Taxation Law - Don't Attempt to Rewrite History


Author(s):Frank Egan B.A., LL.B., A.C.L.A., F.T.I.A.
Publish Date: October 22, 2008

One of the interesting things about being drawn into a taxation dispute is that clients will often adopt the mantra – deny, deny, deny or destroy, destroy, destroy. Essentially they are denying facts, the genesis of documents, or information which they say they does not exist because they have destroyed or secreted them away. Interestingly there are certain source documents which are inviolate the most important of which are bank statements. Some clients weave a story they hope will produce a positive tax outcome which will allow them to either mitigate or escape their taxation liabilities. In many cases they may be involved in an unholy alliance with other professionals who are tempering the advice of those retained to represent the recalcitrant taxpayer(s). The message through second guessing is normally all about trying to assist the taxpayer to maintain a position which is clearly untenable. 
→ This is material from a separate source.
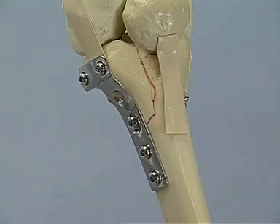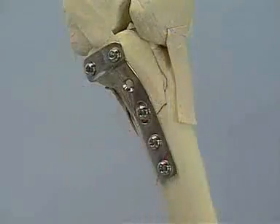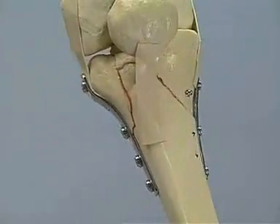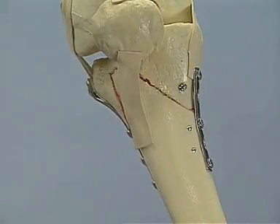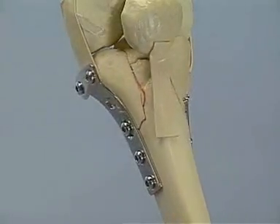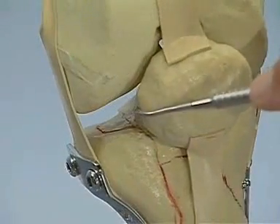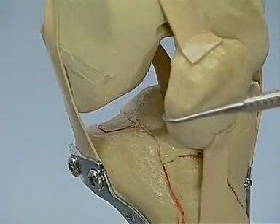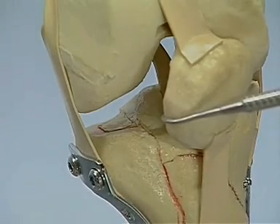Once the distal cortical screws have been placed, the reconstruction of the lateral side is concluded, while medially more screws could be added. The quality of the reconstruction of the articular surface may now be judged by inspecting the joint surface, while x-rays allow the correct axial alignment to be confirmed.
These circumstances normally come to light after the taxpayer receives a letter from the ATO indicating that they may be involved in onshore or offshore transactions which may appear to be tax non-compliant. Often Austrac has picked up these transactions and the taxpayer is put on notice that unless they notify the ATO or clarify what their true position is then they are at risk for the future, of course the only way to ensure maximum protection is to make a Voluntary Disclosure. Although a lot has been said about offshore transactions there are a number of non-complying taxpayers who are onshore. One of the most interesting problems often confronted by small to medium taxpayers are issues associated with the small business concession. Some of these situations arise when a change of structure is brought about either through the involvement of external factors such as a family law settlement or because the taxpayer wishes to restructure their affairs. One of the biggest problems is where individuals, companies and trusts are engaged to produce a tax-effective outcome yet something is overlooked, for example, shares in a company are transferred to a trust and sold within 12 months of the date of change of ownership. Of course, full capital gains tax applies and no concessions are allowed. In other words the 50% discount does not apply and unless the change in structure occurs after 2006 then there will be no active assets discount as well.

In other words if someone were to transfer a block of shares worth $1M to a trust and they were subsequently disposed of within 12 months then no concession would be available and tax would be paid at full marginal rates. If a year plus one day passed then the amount paid would be halved and if the active asset discount were to apply this figure could be further reduced. Unfortunately a number of taxpayers and their advisers try to rewrite history by drafting up a range of documents including agreements and confirming minutes which support their position. Whilst they are engaged in this and provided the matter hasn’t escalated into a full-blown dispute with the ATO on the front foot, they are hoping that whatever disclosures are made in whatever format they will prove acceptable to the ATO. One of the big problems here is that the ATO will look at all source documentation including bank statements and the flow of funds.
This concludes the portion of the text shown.